__Provided material__
■ ■ ■ ■ ■

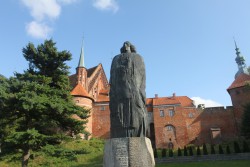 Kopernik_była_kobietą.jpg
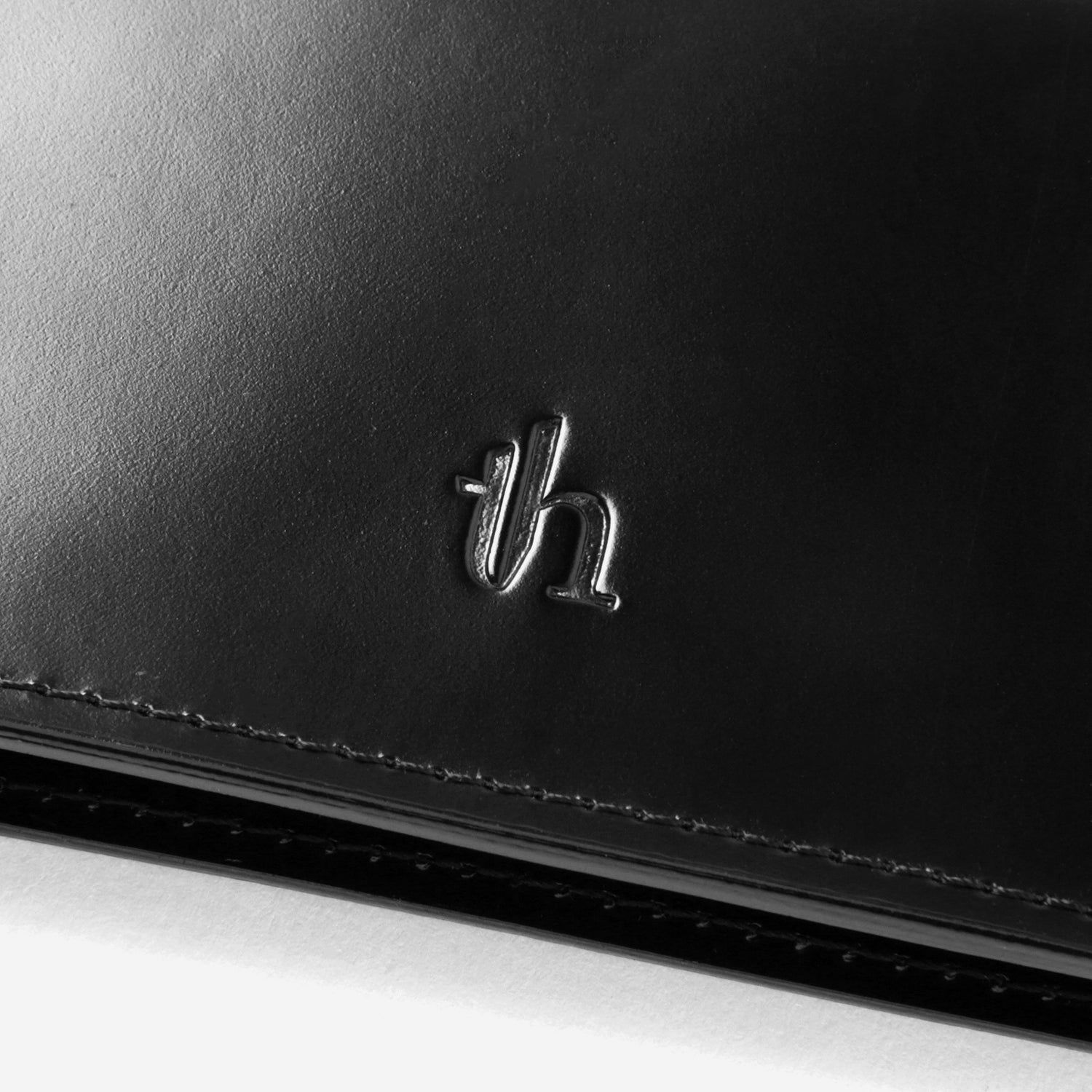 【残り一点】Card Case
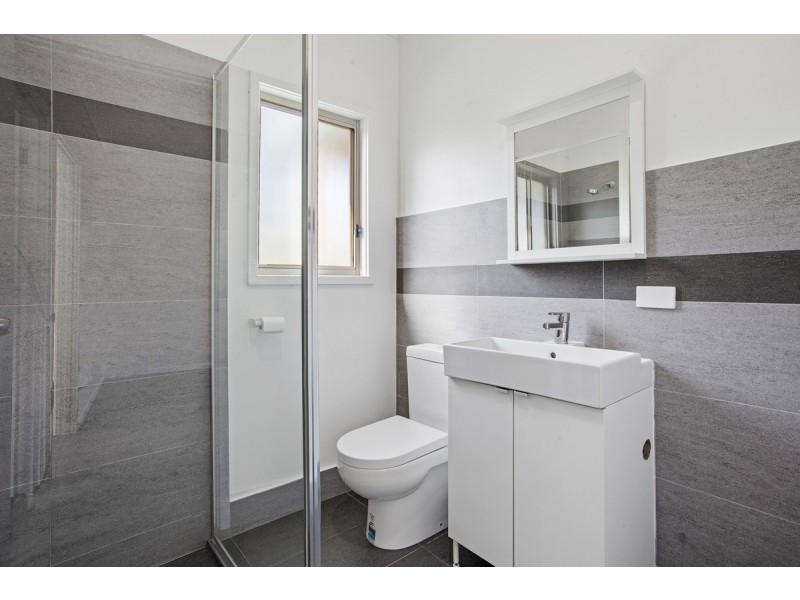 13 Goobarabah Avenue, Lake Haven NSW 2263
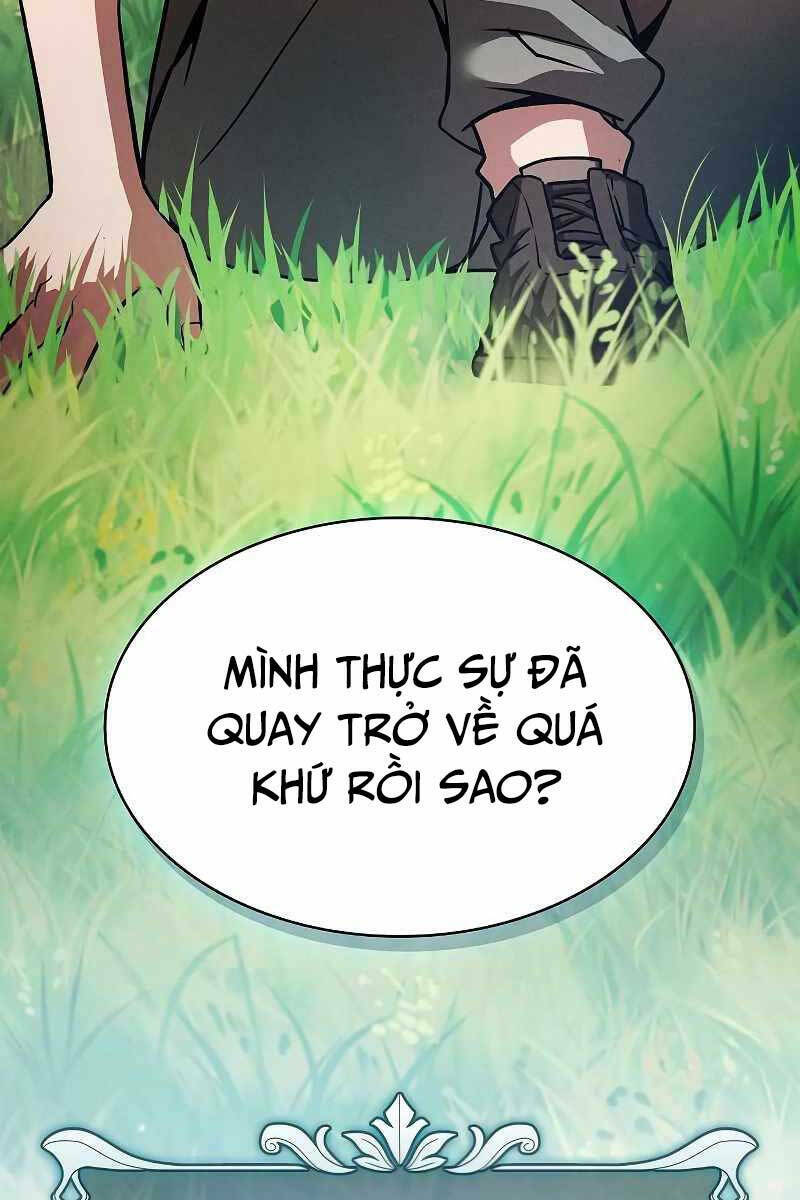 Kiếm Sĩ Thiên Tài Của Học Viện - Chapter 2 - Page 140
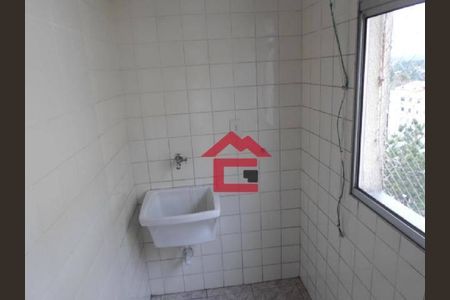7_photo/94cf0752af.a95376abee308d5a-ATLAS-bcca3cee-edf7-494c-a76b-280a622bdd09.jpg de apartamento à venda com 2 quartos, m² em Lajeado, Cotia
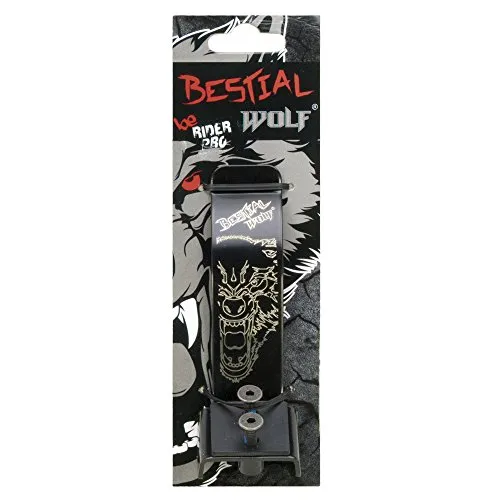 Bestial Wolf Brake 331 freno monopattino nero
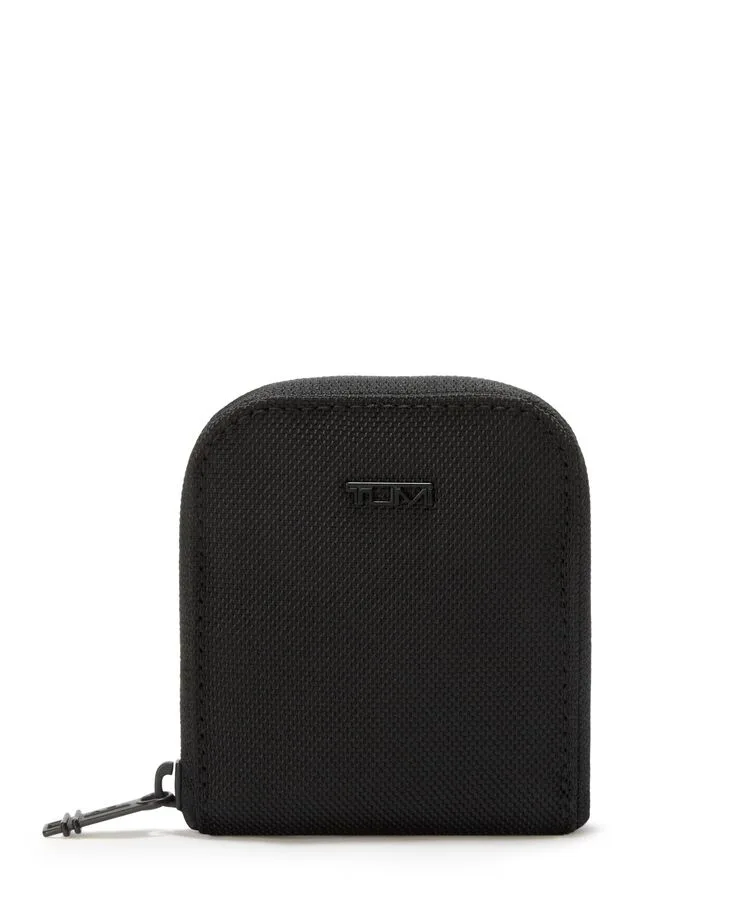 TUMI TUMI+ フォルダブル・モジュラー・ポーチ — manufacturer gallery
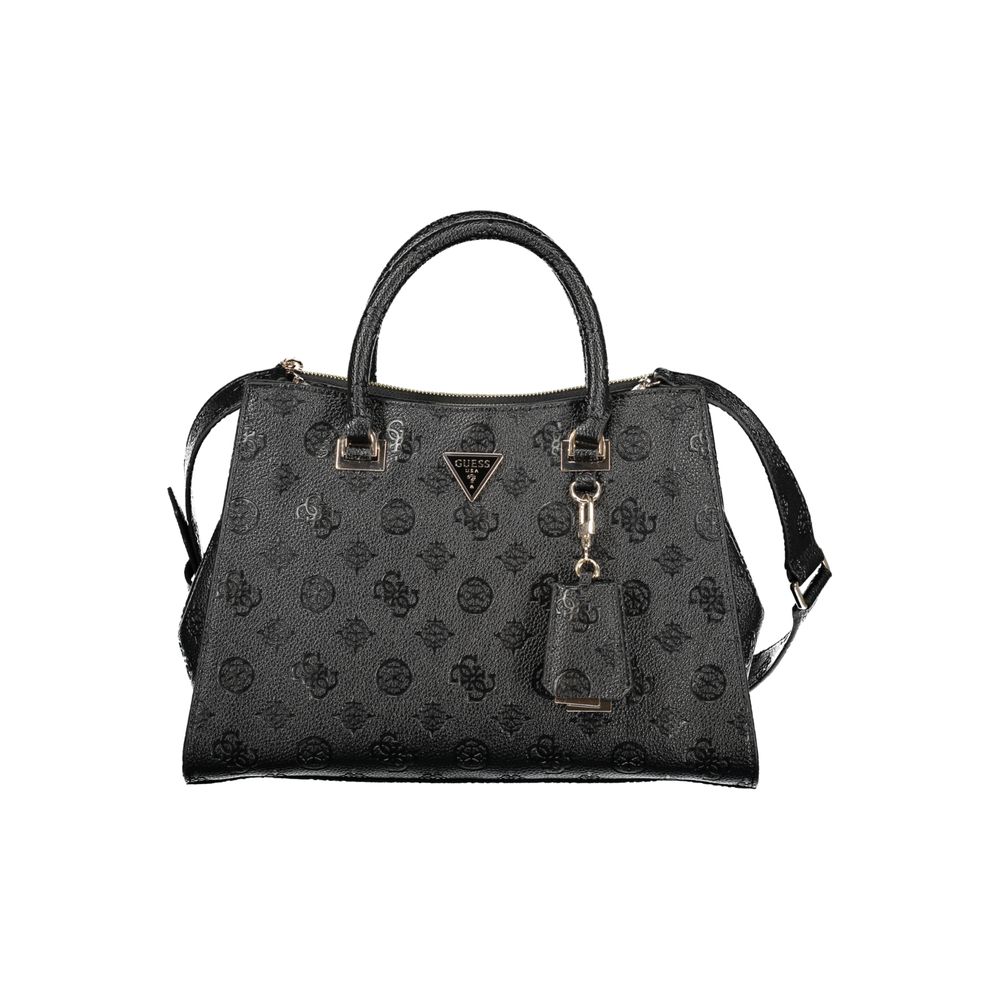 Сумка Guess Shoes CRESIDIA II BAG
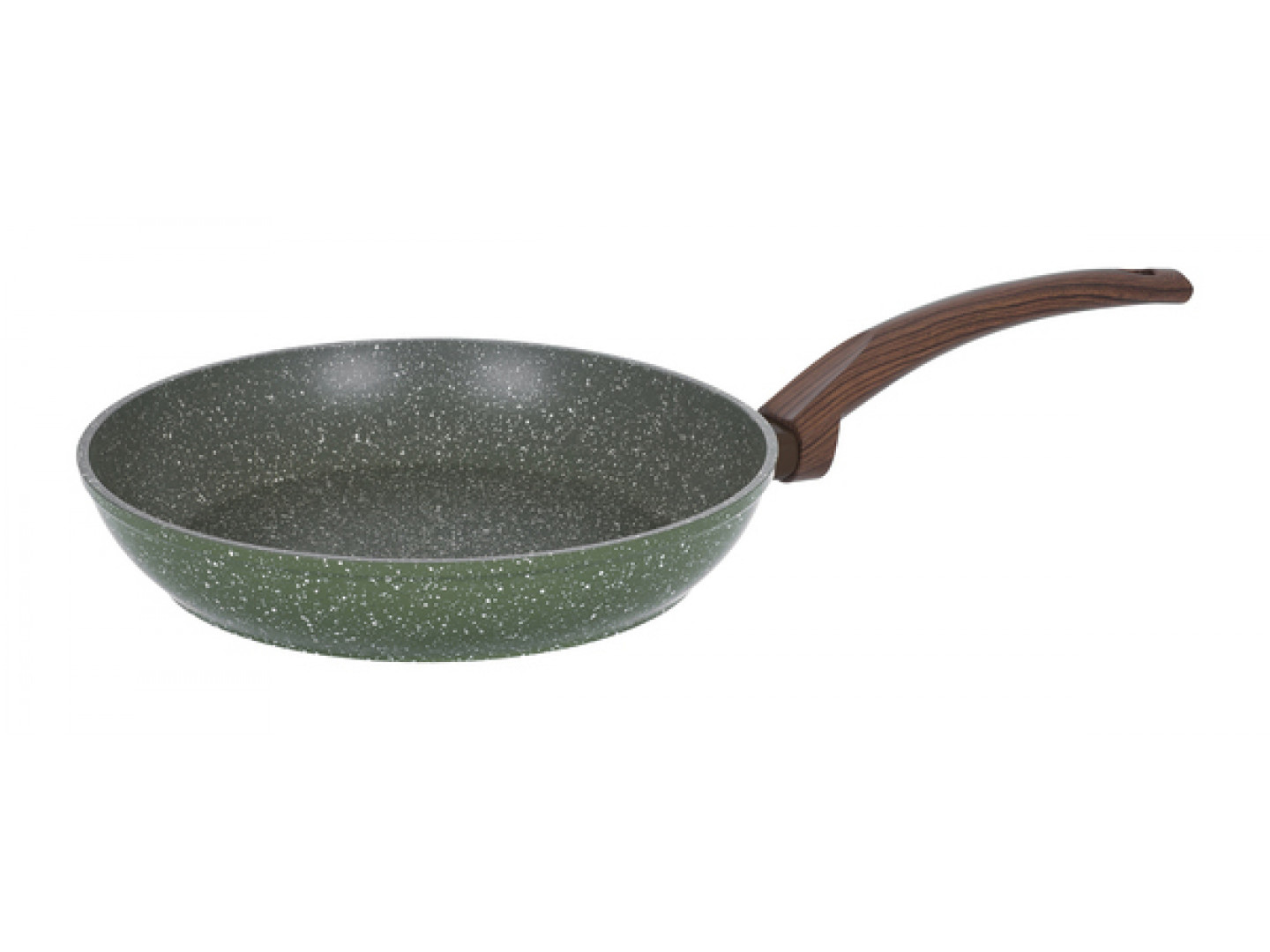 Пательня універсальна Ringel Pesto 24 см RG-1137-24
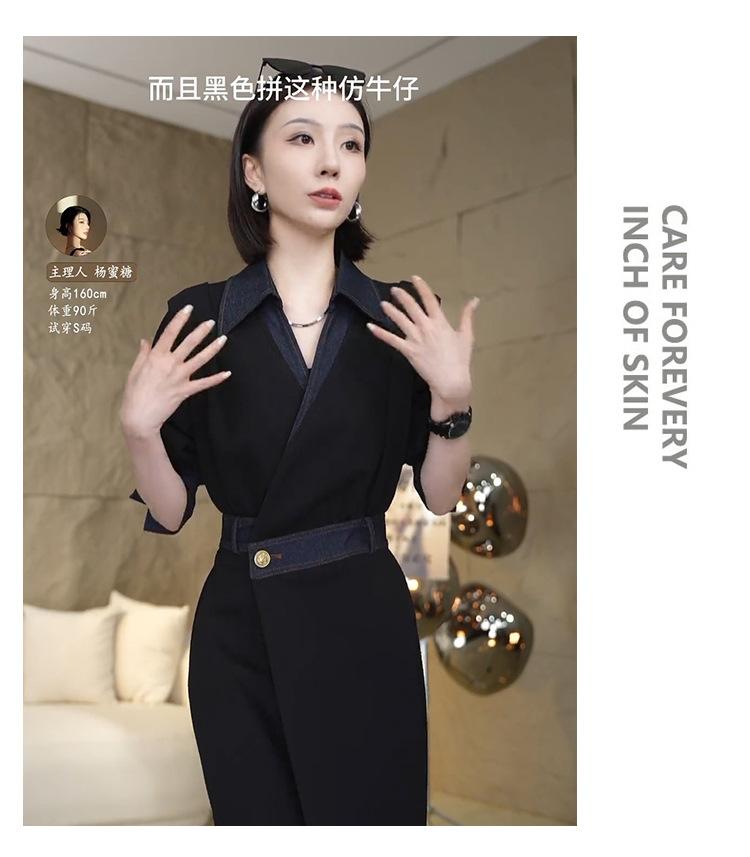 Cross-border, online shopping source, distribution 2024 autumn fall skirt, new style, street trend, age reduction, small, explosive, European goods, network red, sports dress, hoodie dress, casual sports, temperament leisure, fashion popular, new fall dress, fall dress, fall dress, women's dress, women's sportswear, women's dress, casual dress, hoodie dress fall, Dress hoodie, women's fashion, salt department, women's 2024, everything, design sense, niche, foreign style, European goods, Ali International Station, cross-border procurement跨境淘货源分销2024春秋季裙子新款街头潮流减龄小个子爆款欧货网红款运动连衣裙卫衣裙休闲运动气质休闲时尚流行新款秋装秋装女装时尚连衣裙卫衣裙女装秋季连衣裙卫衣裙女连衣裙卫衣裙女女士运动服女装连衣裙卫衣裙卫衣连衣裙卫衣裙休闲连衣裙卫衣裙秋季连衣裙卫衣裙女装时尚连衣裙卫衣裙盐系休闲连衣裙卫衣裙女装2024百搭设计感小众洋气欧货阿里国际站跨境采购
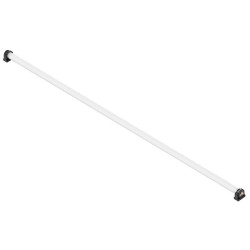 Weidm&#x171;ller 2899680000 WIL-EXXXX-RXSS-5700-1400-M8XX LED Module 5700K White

■ ■ ■ ■ ■

__Instructions to follow__
From the first line to the last, output the records exactly without pictures.

__Output of the task__
 Kopernik_była_kobietą.jpg
 【残り一点】Card Case
 13 Goobarabah Avenue, Lake Haven NSW 2263
 Kiếm Sĩ Thiên Tài Của Học Viện - Chapter 2 - Page 140
7_photo/94cf0752af.a95376abee308d5a-ATLAS-bcca3cee-edf7-494c-a76b-280a622bdd09.jpg de apartamento à venda com 2 quartos, m² em Lajeado, Cotia
 Bestial Wolf Brake 331 freno monopattino nero
 TUMI TUMI+ フォルダブル・モジュラー・ポーチ — manufacturer gallery
 Сумка Guess Shoes CRESIDIA II BAG
 Пательня універсальна Ringel Pesto 24 см RG-1137-24
 Cross-border, online shopping source, distribution 2024 autumn fall skirt, new style, street trend, age reduction, small, explosive, European goods, network red, sports dress, hoodie dress, casual sports, temperament leisure, fashion popular, new fall dress, fall dress, fall dress, women's dress, women's sportswear, women's dress, casual dress, hoodie dress fall, Dress hoodie, women's fashion, salt department, women's 2024, everything, design sense, niche, foreign style, European goods, Ali International Station, cross-border procurement跨境淘货源分销2024春秋季裙子新款街头潮流减龄小个子爆款欧货网红款运动连衣裙卫衣裙休闲运动气质休闲时尚流行新款秋装秋装女装时尚连衣裙卫衣裙女装秋季连衣裙卫衣裙女连衣裙卫衣裙女女士运动服女装连衣裙卫衣裙卫衣连衣裙卫衣裙休闲连衣裙卫衣裙秋季连衣裙卫衣裙女装时尚连衣裙卫衣裙盐系休闲连衣裙卫衣裙女装2024百搭设计感小众洋气欧货阿里国际站跨境采购
 Weidm&#x171;ller 2899680000 WIL-EXXXX-RXSS-5700-1400-M8XX LED Module 5700K White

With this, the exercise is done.